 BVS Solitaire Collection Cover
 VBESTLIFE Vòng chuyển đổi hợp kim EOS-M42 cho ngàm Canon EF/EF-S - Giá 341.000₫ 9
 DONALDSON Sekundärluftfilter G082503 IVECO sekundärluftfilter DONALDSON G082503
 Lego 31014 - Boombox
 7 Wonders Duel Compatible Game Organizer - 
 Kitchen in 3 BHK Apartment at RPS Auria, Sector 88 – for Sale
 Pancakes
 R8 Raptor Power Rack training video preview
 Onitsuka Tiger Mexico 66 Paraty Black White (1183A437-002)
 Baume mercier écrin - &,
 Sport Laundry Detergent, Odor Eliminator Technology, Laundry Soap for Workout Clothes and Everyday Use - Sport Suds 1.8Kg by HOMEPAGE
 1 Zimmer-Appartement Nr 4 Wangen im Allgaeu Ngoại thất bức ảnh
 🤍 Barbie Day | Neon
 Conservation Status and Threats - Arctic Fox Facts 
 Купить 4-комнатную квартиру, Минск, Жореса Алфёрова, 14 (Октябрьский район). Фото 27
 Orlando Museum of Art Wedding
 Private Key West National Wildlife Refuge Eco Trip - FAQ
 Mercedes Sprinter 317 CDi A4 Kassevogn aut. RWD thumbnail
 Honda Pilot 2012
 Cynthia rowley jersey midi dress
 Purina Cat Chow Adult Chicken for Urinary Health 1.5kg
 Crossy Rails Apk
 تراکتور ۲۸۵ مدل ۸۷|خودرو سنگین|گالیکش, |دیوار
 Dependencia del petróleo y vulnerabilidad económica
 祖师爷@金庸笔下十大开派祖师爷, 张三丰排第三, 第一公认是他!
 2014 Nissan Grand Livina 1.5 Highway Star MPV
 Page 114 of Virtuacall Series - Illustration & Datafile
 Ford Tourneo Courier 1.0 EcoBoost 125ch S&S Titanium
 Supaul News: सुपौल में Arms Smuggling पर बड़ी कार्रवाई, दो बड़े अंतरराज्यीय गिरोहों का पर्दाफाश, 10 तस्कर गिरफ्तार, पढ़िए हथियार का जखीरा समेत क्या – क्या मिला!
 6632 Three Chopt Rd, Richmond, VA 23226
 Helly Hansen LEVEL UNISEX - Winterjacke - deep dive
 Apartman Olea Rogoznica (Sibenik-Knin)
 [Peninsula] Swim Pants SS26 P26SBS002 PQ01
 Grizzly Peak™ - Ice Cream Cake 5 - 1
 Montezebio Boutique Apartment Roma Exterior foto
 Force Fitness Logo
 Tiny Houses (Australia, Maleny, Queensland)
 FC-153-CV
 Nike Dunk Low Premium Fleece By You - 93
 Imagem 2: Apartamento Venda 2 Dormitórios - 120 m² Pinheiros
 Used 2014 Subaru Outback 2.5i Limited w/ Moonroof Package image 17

• • • • • • •

- _WHAT NEEDS TO BE DONE_:
State how many lines in the records contain the string "Apartment". Give the number with no words around it.

- _FINAL ANSWER_:
2